Javier Pereda Pereda

El papa Francisco ha convocado para hoy una jornada por la paz en el mundo, reuniendo a todas las confesiones religiosas. Es una ocasión para solidarizarse con los que padecen el sufrimiento de la guerra en: Tierra Santa, Ucrania, Armenia, Azerbaiyán, Irán, Yemen, Congo, Siria, Pakistán…

Cada día se conocen detalles del atentado terrorista del 7 de octubre perpetrado por Hamás; de la recompensa de 10.000 dólares y un piso por cada rehén capturado, anciano o niño. También somos testigos de los bombardeos israelíes en la Franja de Gaza con la muerte de inocentes. Aunque lo peor está por llegar con la intervención del ejército israelí en la Franja. Ante este escenario desolador, lejos de posicionamientos ideológicos a favor de alguna parte, la posible solución pasa por llegar a una negociación y firmar un acuerdo de paz.

Resulta curioso que, en Tierra Santa, la de Jesús, el Príncipe de la paz, donde conviven las tres religiones monoteístas abrahámicas: cristianismo, islam y judaísmo, la guerra permanezca durante los últimos 75 años. Por eso, san Juan Pablo II —había experimentado los efectos del totalitarismo nazi y comunista— transmitía un mensaje en la jornada mundial de la paz, el 1 de enero de 2002, con ocasión de los atentados del 11-S a las Torres Gemelas, por el fundamentalismo islámico. Se preguntaba, con una reflexión aplicable en estos momentos: ¿cuál era el camino que conduce al pleno restablecimiento del orden moral y social, violado tan bárbaramente? Contestó al interrogante con la célebre frase: “No hay paz sin justicia, no hay justicia sin perdón”.

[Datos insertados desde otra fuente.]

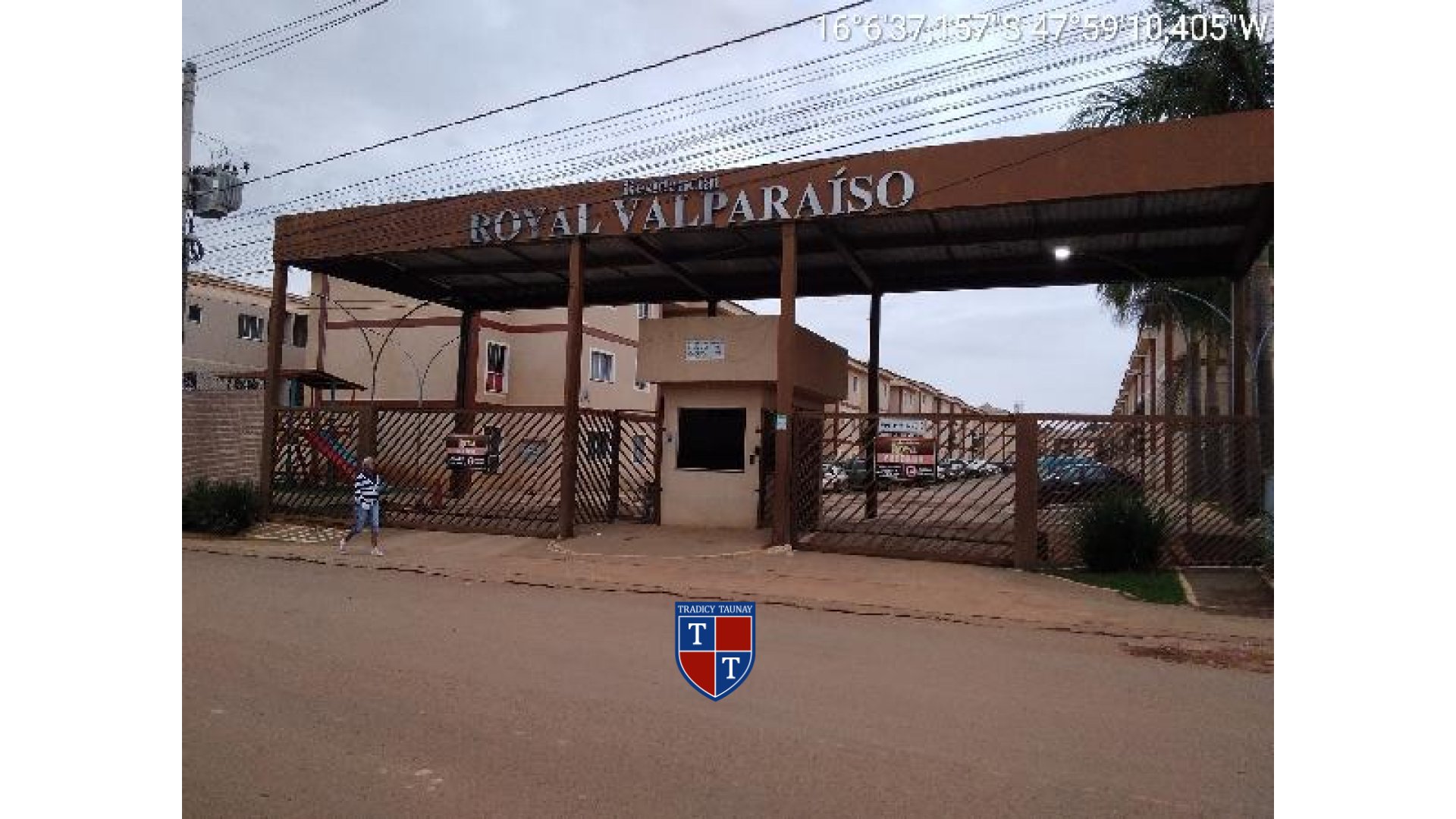 Foto 1 de APARTAMENTO em CHACARAS E MANSOES SANTA MARIA - Imóvel Retomado Caixa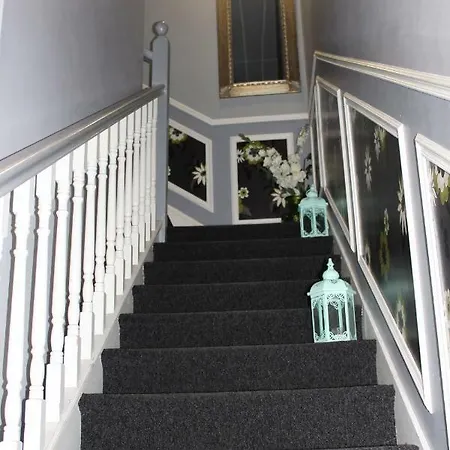 Town Centre Suites Apartment *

Antes de que vayamos a peores —y digo bien, vayamos, porque todos nos sentimos ciudadanos de Gaza y de Israel— habrá que poner fin cuanto antes al conflicto que parece de nunca acabar. Por otra parte, no resulta extraño que las guerras hayan sido una constante en la historia de la humanidad.

El libro del Génesis nos ilustra de esa tendencia desordenada del hombre —defecto de fábrica o pecado original— con el abominable homicidio de Caín a su hermano menor Abel, motivado por la ira y la envidia. Después de quitarle la vida, el Señor le preguntó dónde estaba su hermano; a lo que éste respondió: “¿Acaso soy el guardián de mi hermano?

Ciertamente todos deberíamos sentirnos los guardianes y responsables de la humanidad, si pretendemos un mundo más justo. Entonces como ahora, el mal o el pecado constituyen la causa de las guerras; pero en modo alguno podemos otorgarle la última palabra. En la búsqueda de la paz —“tranquilidad en el orden”, Agustín de Hipona dixit— se precisa hacer efectiva la justicia; una justicia humana según el ordenamiento internacional que siempre será perfectible, y por ello necesita del perdón social. El perdón va contra el instinto espontáneo de devolver mal por mal.

Con Pablo de Tarso, epítome del cristianismo, sería ahogar el mal en abundancia de bien. De ahí que el perdón en el judaísmo precise de renovación, sin circunscribirlo una vez al año en el Yom Kippur; sino a la expresión sin límites de Jesús de Nazaret: “Hasta setenta veces siete”; es decir, siempre. El islamismo también tendría que hacer más hincapié en la misericordia que en la justicia.

Una forma de contribuir a la paz del mundo, mediante la justicia y el perdón, pasa por nuestro compromiso personal. Cuántas familias dejan de hablarse por el reparto de una herencia; cuántos matrimonios incurren en la espiral del odio, y, tristemente, sólo la muerte es capaz de resolver las desavenencias; cuántas personas rompen el tesoro de la amistad de años, por malos entendidos o por la intransigencia de no saber perdonar o adoptar una actitud poco humilde; cuántas buenas relaciones se han truncado, porque exigimos la perfección en los demás, cuando tenemos que aprender a saber convivir en la imperfección.

La propuesta de perdón no se comprende de inmediato ni se acepta fácilmente; es un mensaje en cierto modo contradictorio. El perdón comporta siempre a corto plazo una aparente pérdida, mientras que, a la larga, asegura un provecho real. La violencia es lo opuesto: opta por un beneficio de inmediato, pero, a largo plazo, produce perjuicios reales y permanentes. Puede parecer una debilidad; pero exige una gran fuerza espiritual y enorme valentía moral. Con Gandhi: “El débil no puede perdonar. El perdón es un atributo de los fuertes”.